Next step after Leflunomide

Hi all, I was diagnosed with PSA a few years ago and since then have been on Sulfasalazine ( had flare ups with it) and Methotrexate ( started with tablets and went onto injections due to tablet side effects). The methotrexate injections were great insofar as the Psoriasis almost went and I didn’t have much in the way of side effects and I could do most activities without being hassled by the PSA too much. Then, just over a year ago I had a bad flare up of PSA and was changed to Leflunomide as I was struggling to walk and was in a lot of pain in elbow, knees, feet, fingers and so on. Aside from the warning that it could really affect my liver, more frequent blood tests and strictly no alcohol ( I very rarely drink so wasn’t a big deal), everything was going fine up until about 5 or 6 months ago when I started to get tingling feet, legs and hands amongst other places. I also started to get ‘ghosting’ in my right eye vision and a slight twitch in this eye. Initially, I didn’t think much of it as I was tired after a series of long visits to hospital to get rid of a kidney stone and associate sepsis and thought it was just me being tired. I mentioned the tingling to my GP along with my eye who took some bloods and sent me off to the opticians to get the eye checked out. Bloods came back clear without a mention of the Leflunomide possibly being the cause of any of it - it was discounted pretty early on.
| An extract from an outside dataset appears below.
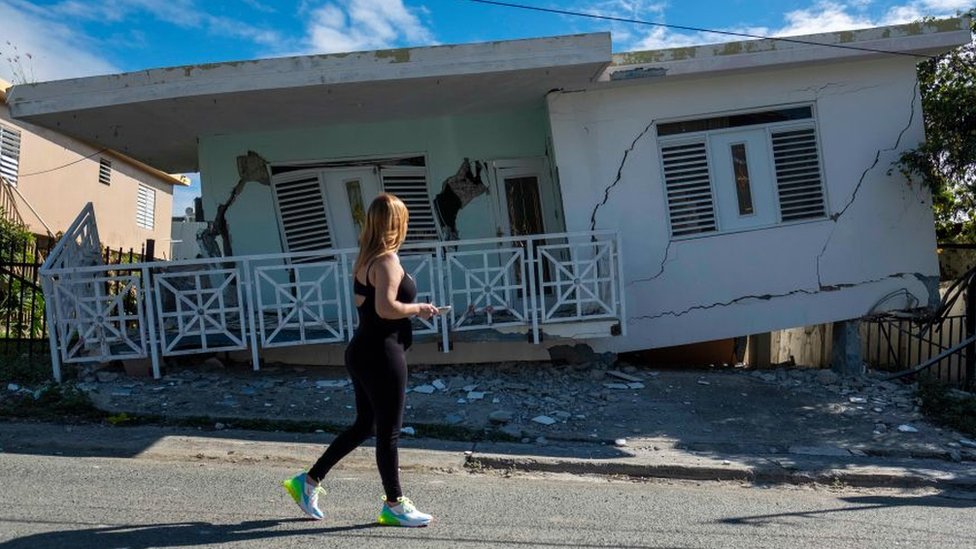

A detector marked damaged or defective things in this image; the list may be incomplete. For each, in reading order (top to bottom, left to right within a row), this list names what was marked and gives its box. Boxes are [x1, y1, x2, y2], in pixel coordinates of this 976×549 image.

damaged house [5, 16, 968, 376]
Long story short of this is that I had an MRI scan on my head and eyes, was told there’s nothing really bad in the results, have been referred again for my eye, but nowhere did anyone mention the Leflunomide. Didn’t think it could,be the Leflunomide as I’d been taking it for a while and wasn’t having any bad reactions to it, but eventually decided to speak to my rheumatology nurse who suggested that I stop the Leflunomide and see if anything clears up and to contact them a week later. Week later, the issues are still there, so looking to get the Leflunomide flushed out of my body and have an appointment in a months time to discuss what’s next as i started to get a flare up before contacting the nurse and they want to see the PSA in action as it were. Aside from wondering if anyone else has had side effects like this, what is next after the 3 drugs that have been mentioned? I’m getting a tad worried that I’ll be given a steroid injection ( which tends to clear the PSA for a bit every time) and sent on my merry way without anything to control the PSA.